Между тем утро уже подкралось, что никак не отразилось на освещении в камере: так же горела тусклая электрическая лампочка, и ничуть не стало светлее; но в коридоре уже слышался шум, громыхание засовов: водили на оправку, разносили завтрак — синеватую ячневую кашу, политую каким-то противным жиром, долгожданную пайку и кипяток. Тотчас же прибежала крыса, схватила кусок хлеба и, удовлетворенная, быстро шмыгнула под нары. Пожилой надзиратель, заметивший через глазок, что я кормлю ее, вошел в камеру и добродушно проворчал:
— Пошто ты ее, девка, кормишь, разведешь их здеся столько, что житья от них не будет; тут до тебя женщина сидела, так от этой крысы визжала на весь изолятор, покою не давала, а тебе хоть бы что.
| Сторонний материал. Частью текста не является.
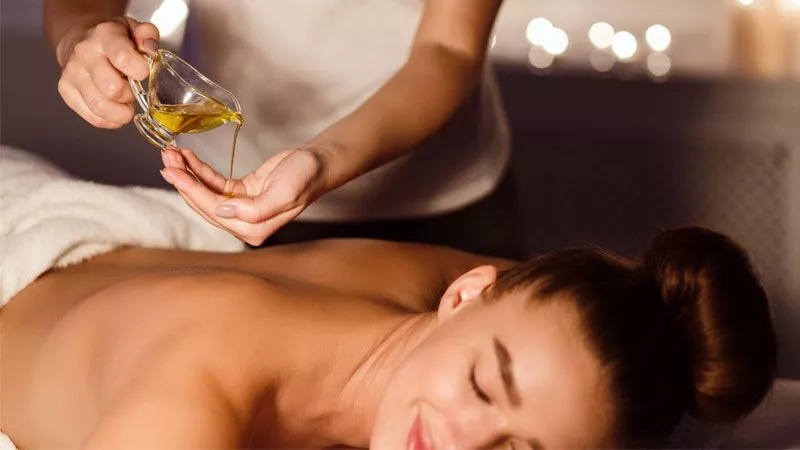Choosing the Right Aromatherapy Spa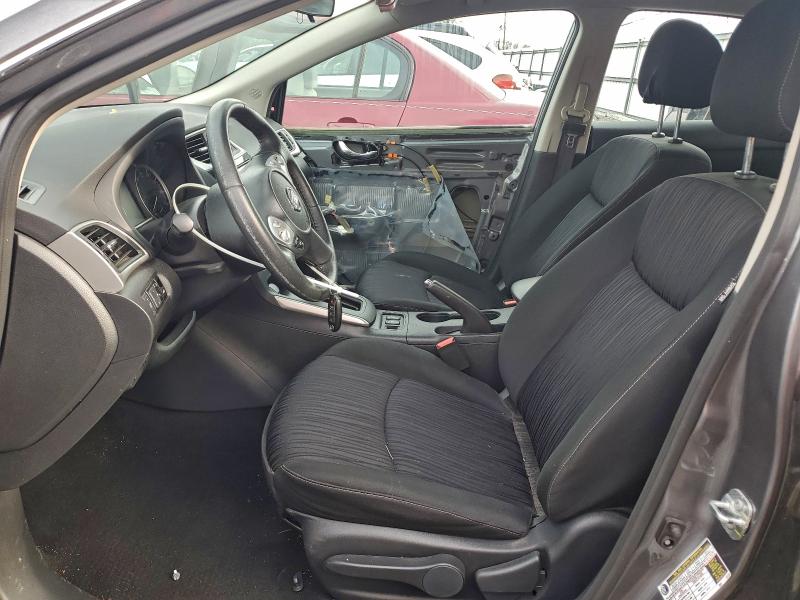 Фото 7 - NISSAN SENTRA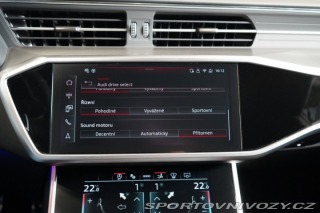 Audi S7 TDI*MASÁŽ*HUD*TAŽNÉ*360 2025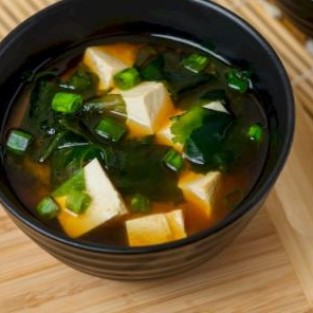 Súp miso
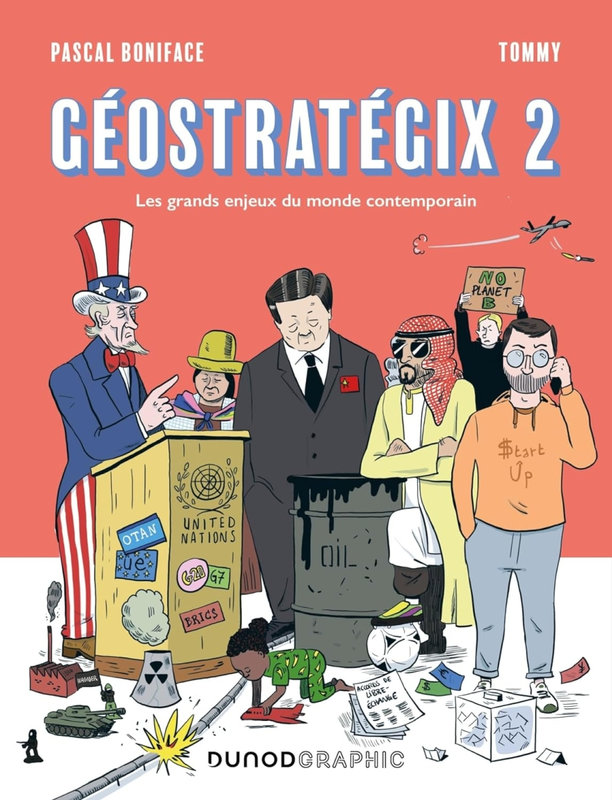 Geostrategix 2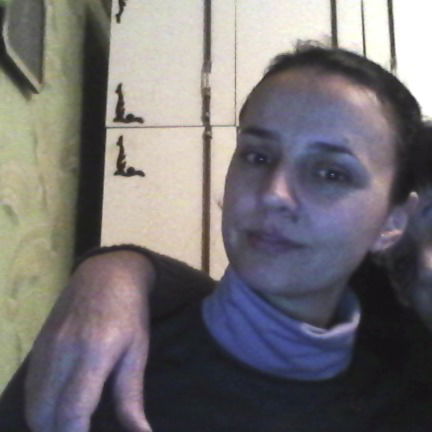 Валентина Павловская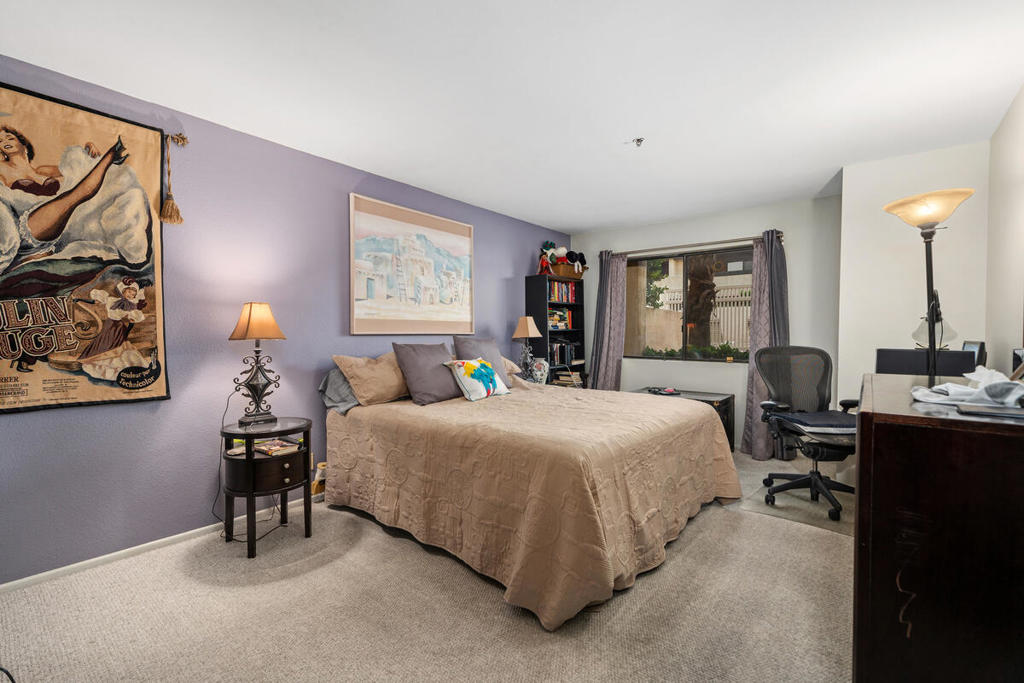 Camino Del Sol - Residential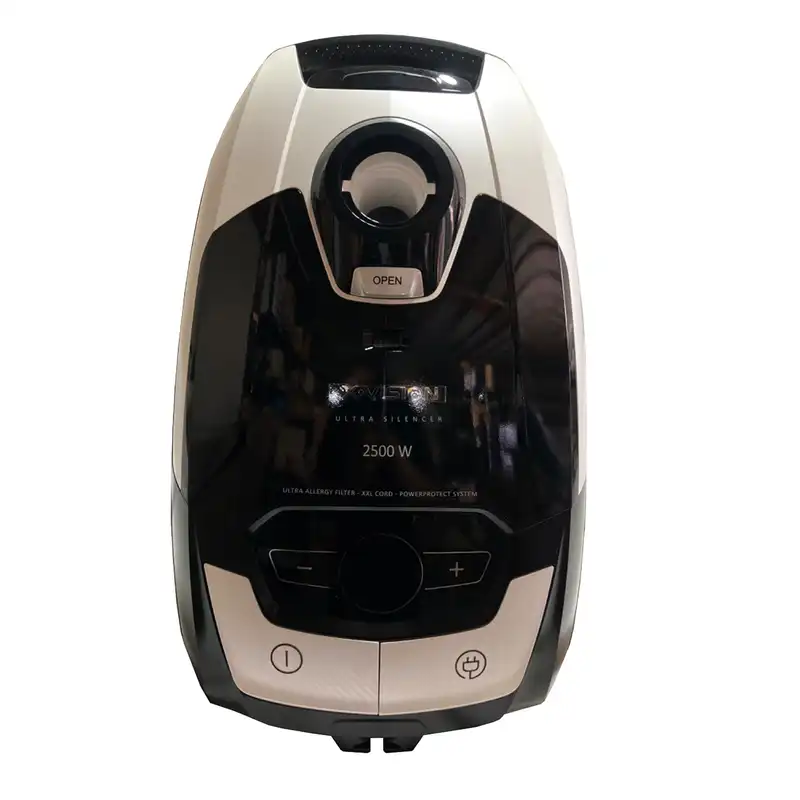 جاروبرقی ایکس ویژن مدل 5030-D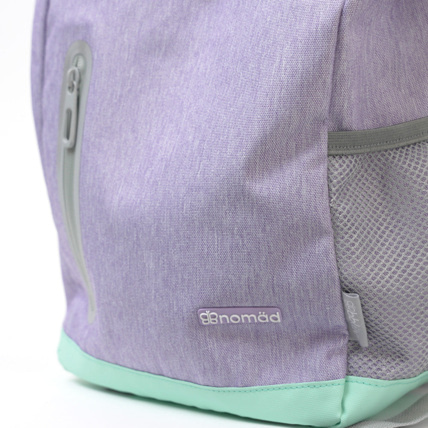 Avis Sac à dos pour enfant - Nomäd Bblüv 3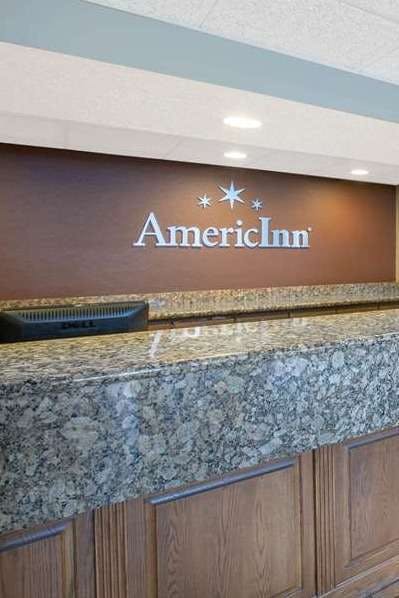 Hotel AmericInn Lincoln North photo 5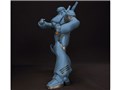 �@���x�@�p�g���C�o�[ 1/35 �u���b�P�� �\�t�r�L�b�g ������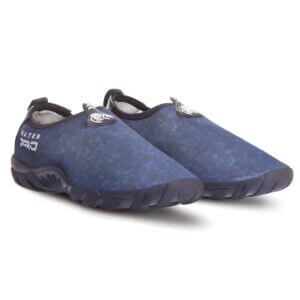 Sapatilha Bad Fish 340 - Azul e Cinza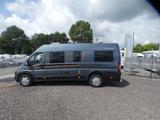 Globecar Campscout Einzelbetten - Globecar Wohnwagen & Wohnmobile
— Житья нет и с крысами, и без них — крысы ничего не меняют.
Надзиратель покачал головой и запер камеру. Так текли дни — серые, безликие, одинаково беспросветные; надо было придумать хоть какое-то занятие, чтобы гнать от себя черные мысли. Я безуспешно пыталась добиться разрешения получать книги. Как-то, заметив в углу камеры на полу ржавый гвоздь, я нацарапала на нарах 64 клетки, из хлеба слепила шашки разной формы, чтобы играть за себя и за противника, но каждый раз ночью, когда я засыпала, крыса и мышиная мелюзга, которую я в расчет не принимала, поедали мои шашки, и я в конце концов предпочла хлеб съедать. По утрам, как молитву, я повторяла заученное наизусть письмо Бухарина «Будущему поколению руководителей партии». Нельзя было забыть ни единого слова, хотя в те дни похоже было, что оно, это письмо, уйдет со мной в могилу.